In this exercise, print only the lines from the line with "PA license plate KPT6911" to the last line of the data below, inclusive. Any pictures should be left out.

── Source information

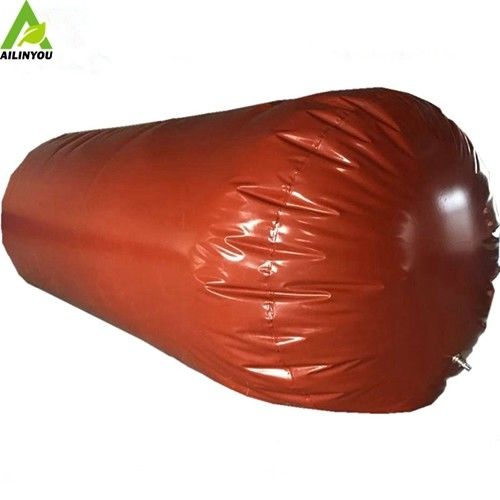 Chongqing Ailinyou 2m3 biogas storage bag pvc biogas balloon material biogas cylinder filling machine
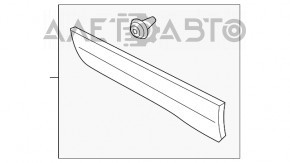 Capac usa inferioara spate dreapta Ford Escape MK3 13-19 structura noua neoriginala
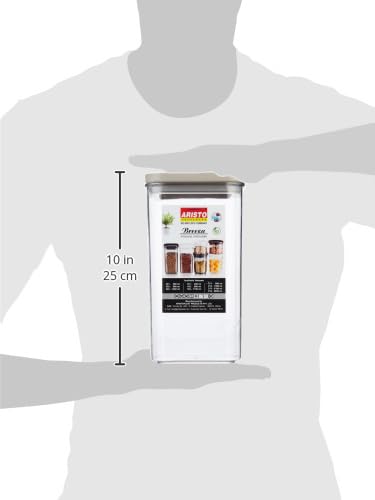 Image of Aristo BREEZA 214 | Container for Kitchen Storage Set Plastic Storage Container | 2700ml, 1-Piece Storing grains, pulses, snacks etc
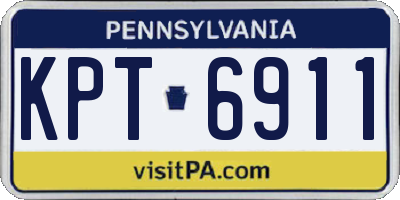 PA license plate KPT6911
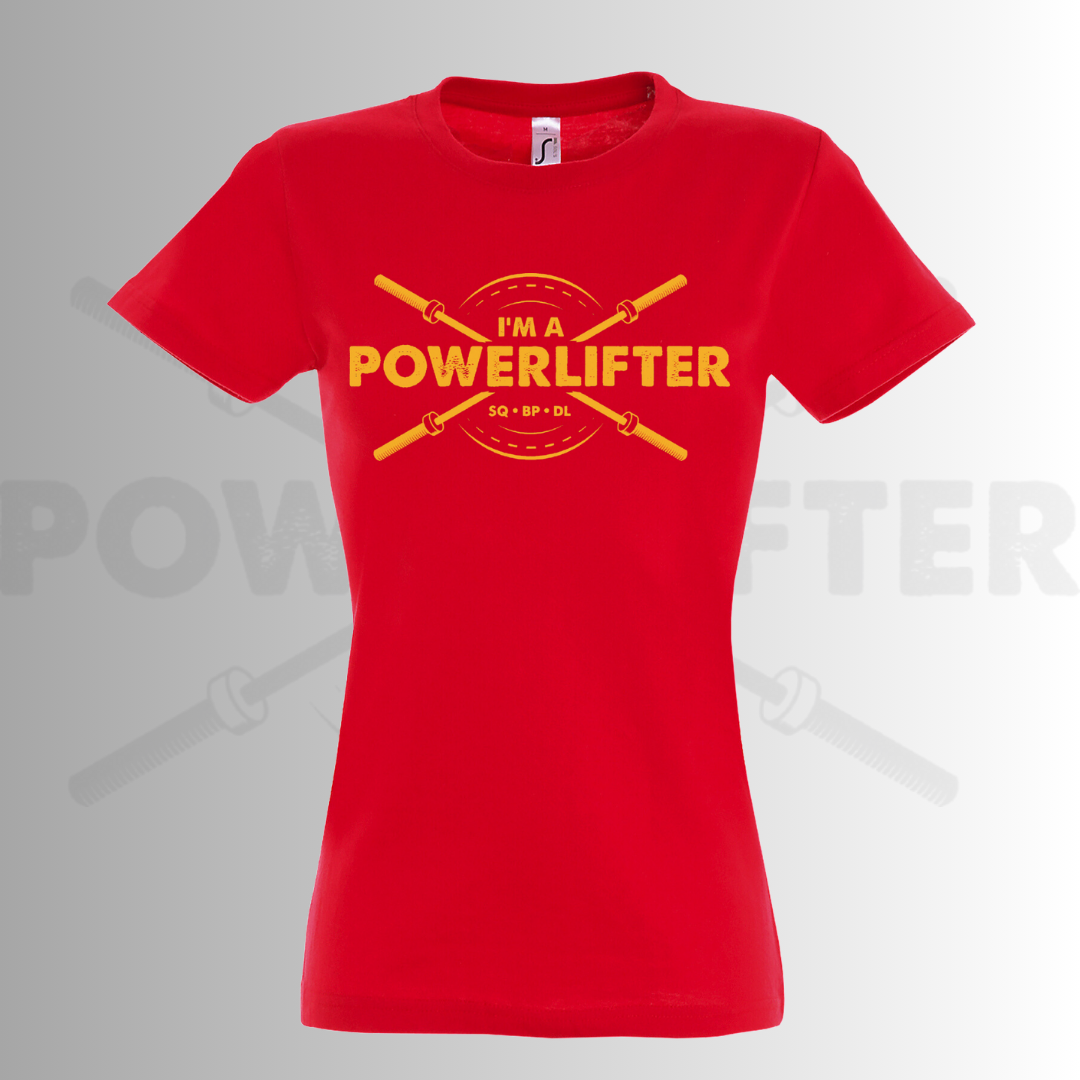I'm a Powerlifter edzőpóló választható színben (női) - Image 2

────

* **Solution for this task**
 PA license plate KPT6911
I'm a Powerlifter edzőpóló választható színben (női) - Image 2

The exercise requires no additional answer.